- _Aim of the exercise_: Go through the records and transcribe them exactly, passing over any picture.

========================

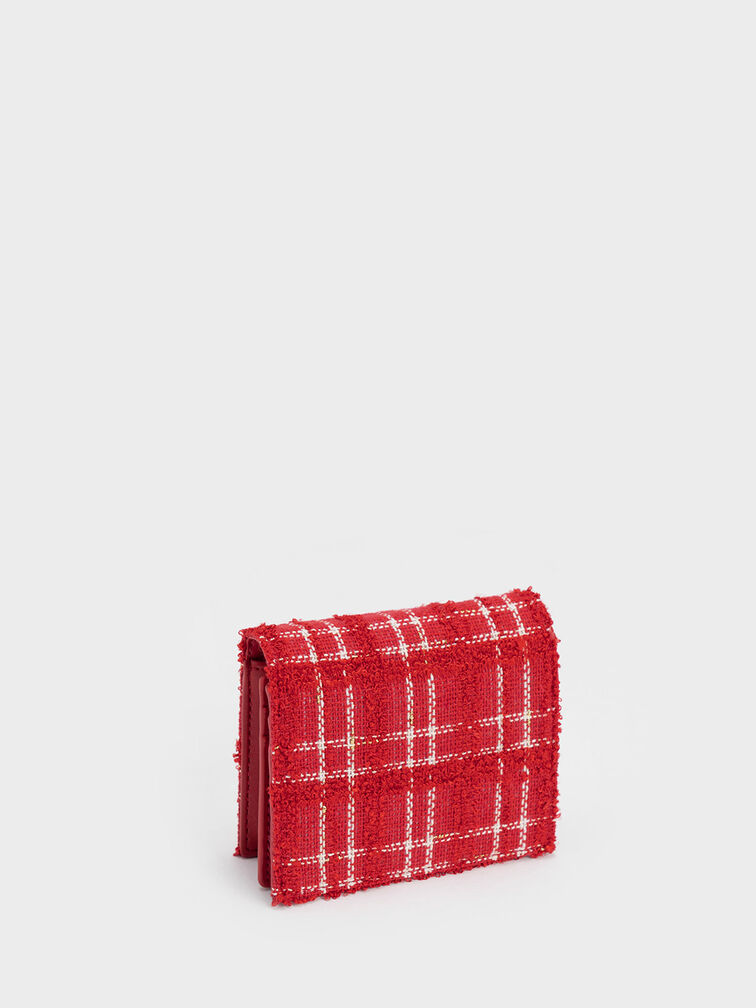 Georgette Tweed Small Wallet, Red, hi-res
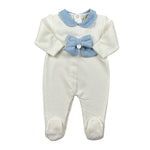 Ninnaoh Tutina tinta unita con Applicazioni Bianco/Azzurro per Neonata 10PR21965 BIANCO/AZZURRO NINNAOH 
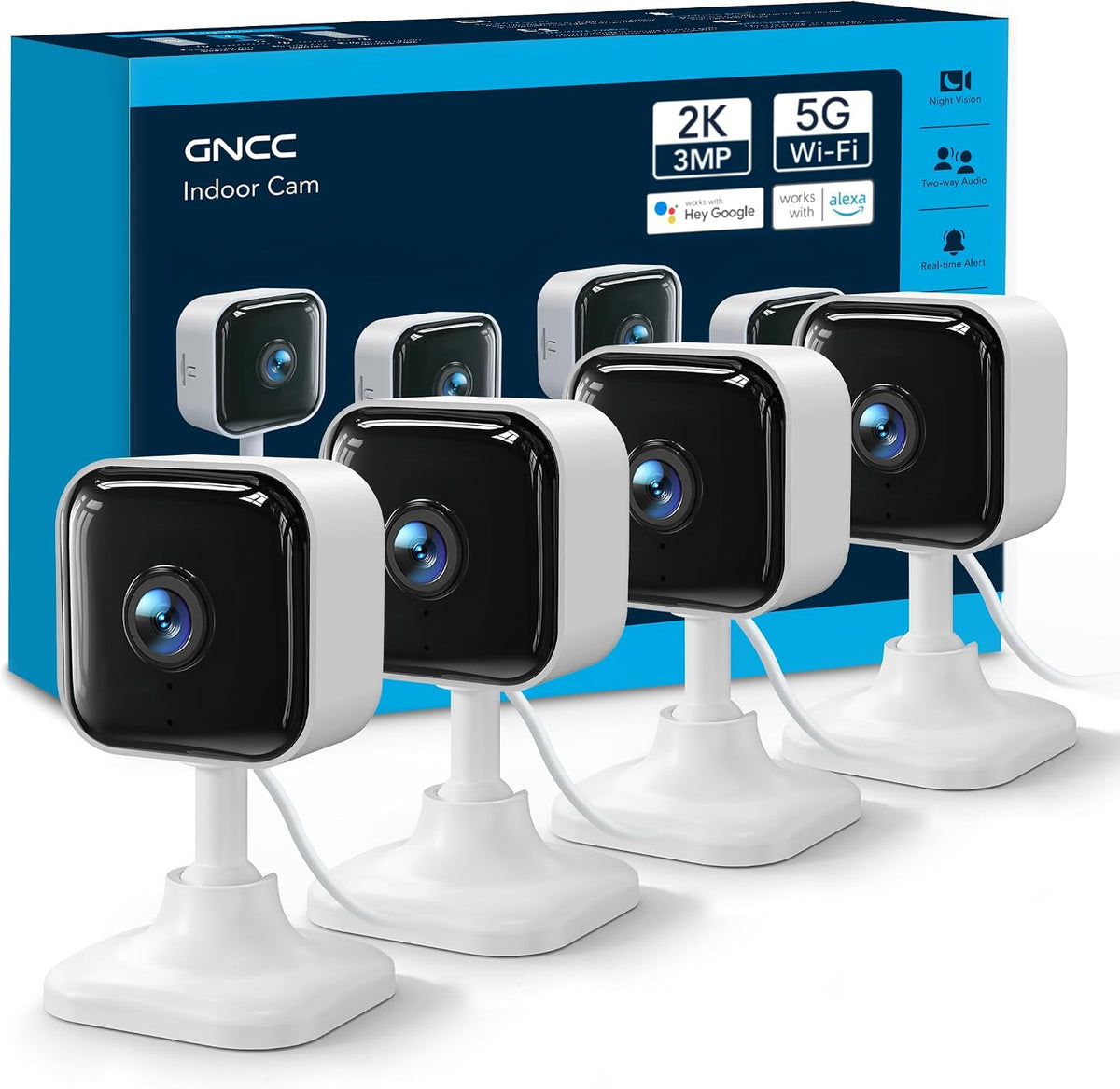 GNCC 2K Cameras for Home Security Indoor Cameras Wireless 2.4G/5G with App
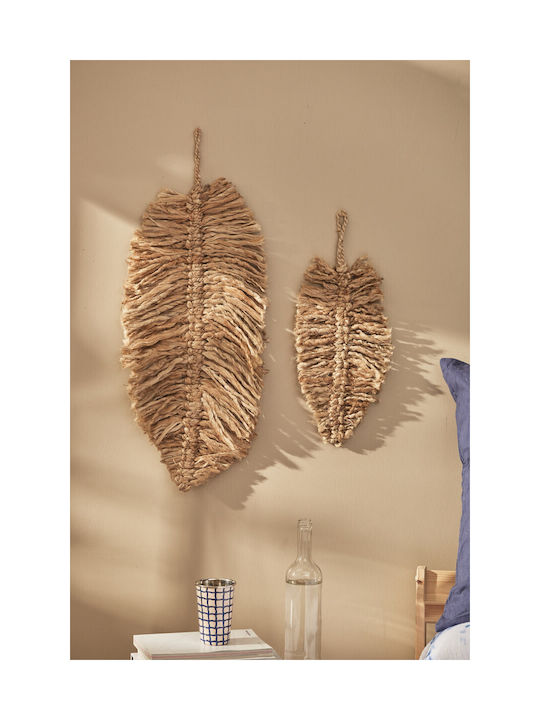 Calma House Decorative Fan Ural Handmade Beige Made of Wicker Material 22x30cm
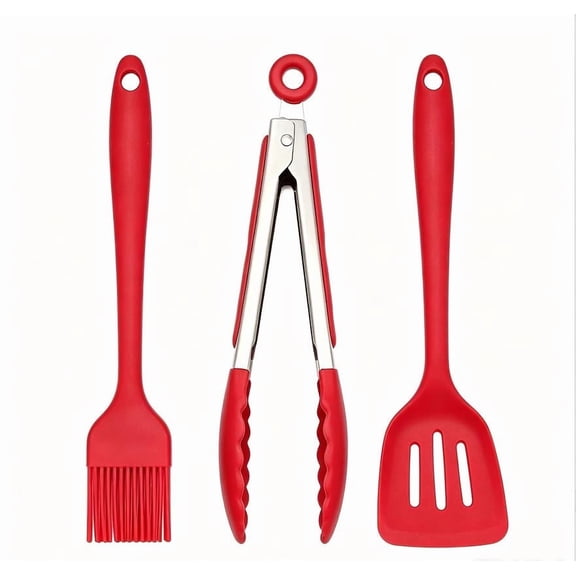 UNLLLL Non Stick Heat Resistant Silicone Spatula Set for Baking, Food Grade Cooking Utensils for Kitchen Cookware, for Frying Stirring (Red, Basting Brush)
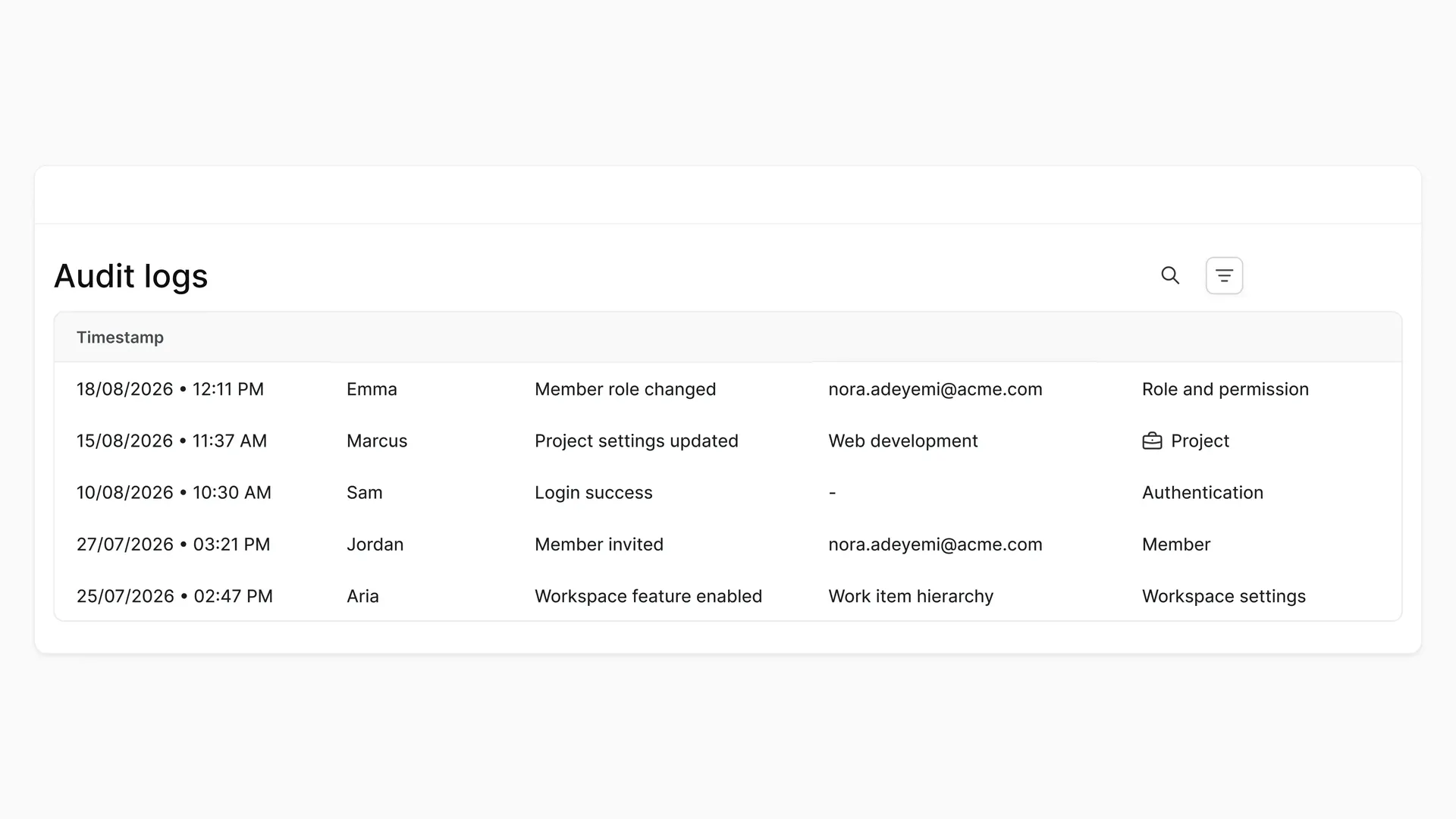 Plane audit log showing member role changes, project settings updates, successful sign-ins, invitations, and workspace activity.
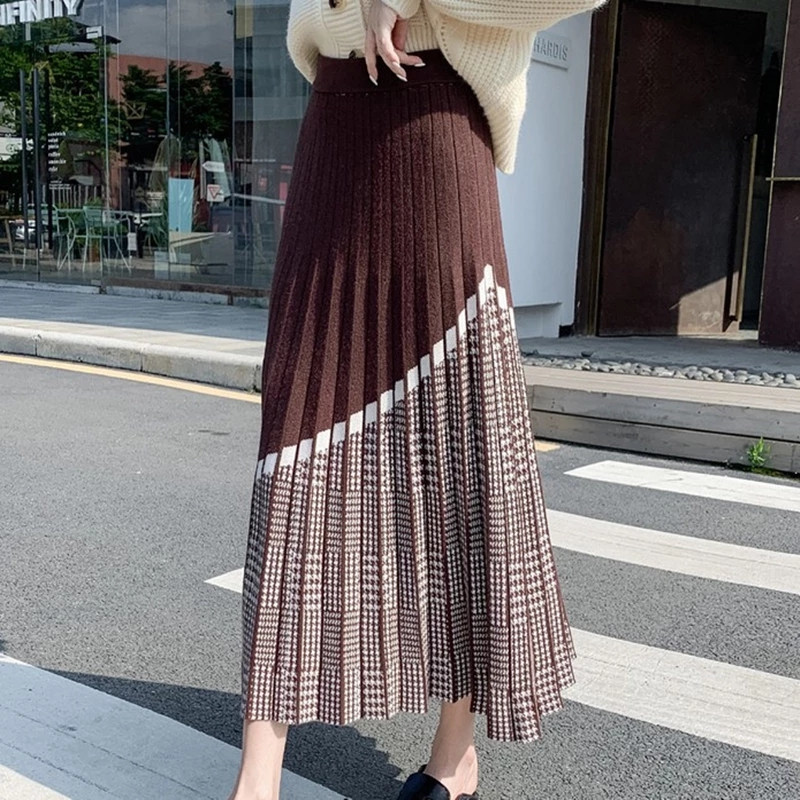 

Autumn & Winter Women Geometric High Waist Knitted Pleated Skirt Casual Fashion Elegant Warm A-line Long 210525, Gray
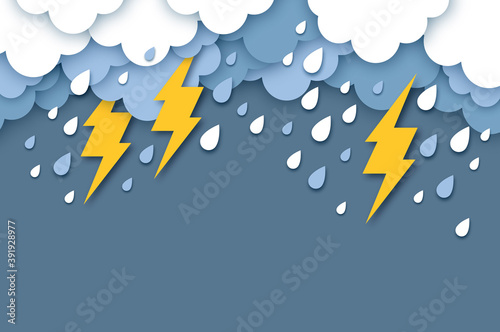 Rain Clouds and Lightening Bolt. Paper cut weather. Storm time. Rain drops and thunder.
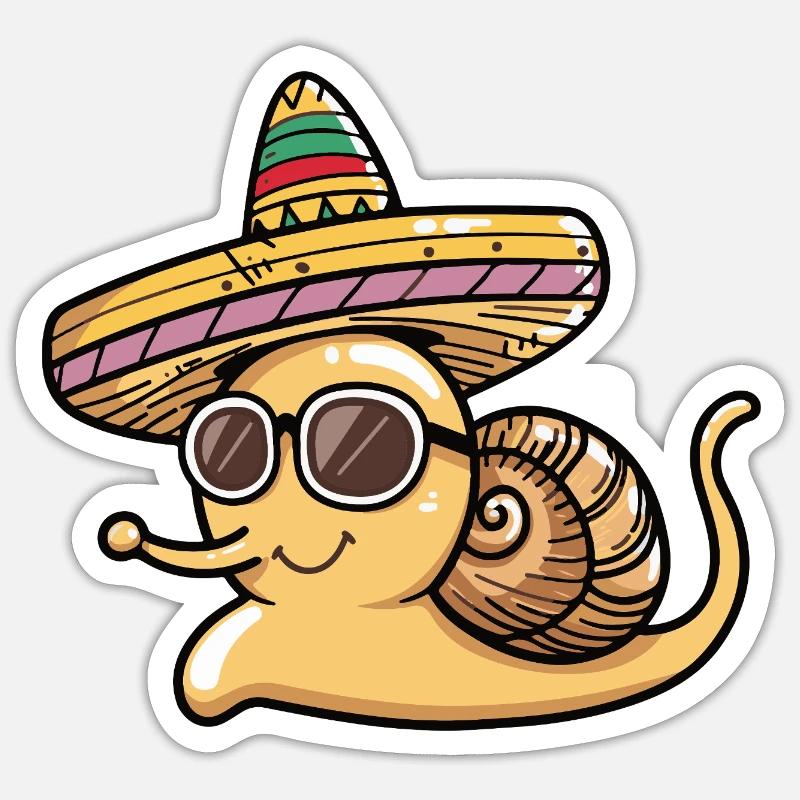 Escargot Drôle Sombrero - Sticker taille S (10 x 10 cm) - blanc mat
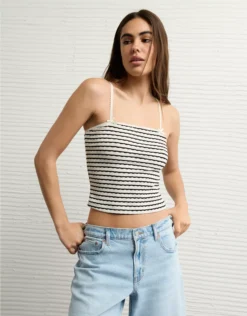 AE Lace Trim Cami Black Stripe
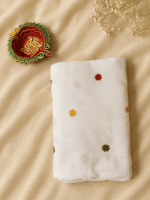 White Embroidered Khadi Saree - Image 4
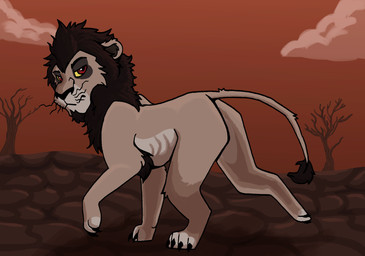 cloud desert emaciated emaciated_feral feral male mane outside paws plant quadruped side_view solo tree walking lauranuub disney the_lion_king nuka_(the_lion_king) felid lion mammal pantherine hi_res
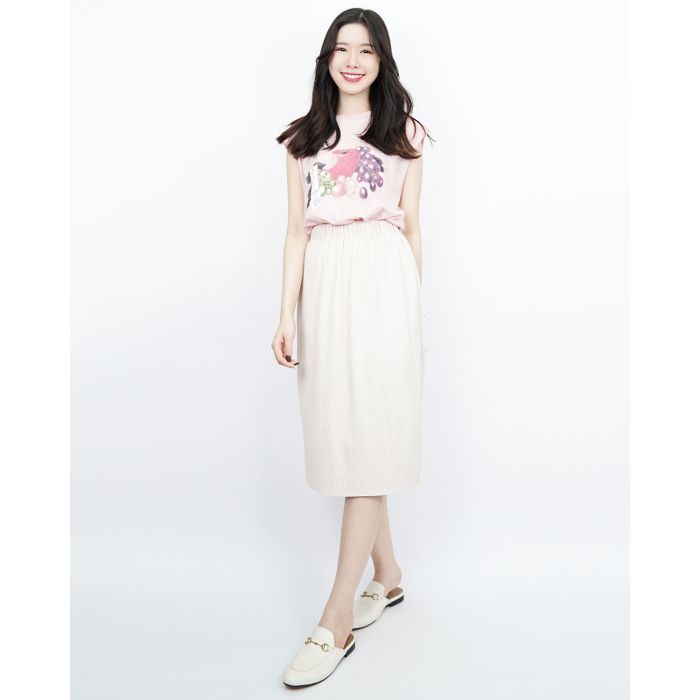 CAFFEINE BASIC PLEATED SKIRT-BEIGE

========================

- _The answer_:
 Georgette Tweed Small Wallet, Red, hi-res
 Ninnaoh Tutina tinta unita con Applicazioni Bianco/Azzurro per Neonata 10PR21965 BIANCO/AZZURRO NINNAOH 
 GNCC 2K Cameras for Home Security Indoor Cameras Wireless 2.4G/5G with App
 Calma House Decorative Fan Ural Handmade Beige Made of Wicker Material 22x30cm
 UNLLLL Non Stick Heat Resistant Silicone Spatula Set for Baking, Food Grade Cooking Utensils for Kitchen Cookware, for Frying Stirring (Red, Basting Brush)
 Plane audit log showing member role changes, project settings updates, successful sign-ins, invitations, and workspace activity.

Autumn & Winter Women Geometric High Waist Knitted Pleated Skirt Casual Fashion Elegant Warm A-line Long 210525, Gray
 Rain Clouds and Lightening Bolt. Paper cut weather. Storm time. Rain drops and thunder.
 Escargot Drôle Sombrero - Sticker taille S (10 x 10 cm) - blanc mat
 AE Lace Trim Cami Black Stripe
 White Embroidered Khadi Saree - Image 4
 cloud desert emaciated emaciated_feral feral male mane outside paws plant quadruped side_view solo tree walking lauranuub disney the_lion_king nuka_(the_lion_king) felid lion mammal pantherine hi_res
 CAFFEINE BASIC PLEATED SKIRT-BEIGE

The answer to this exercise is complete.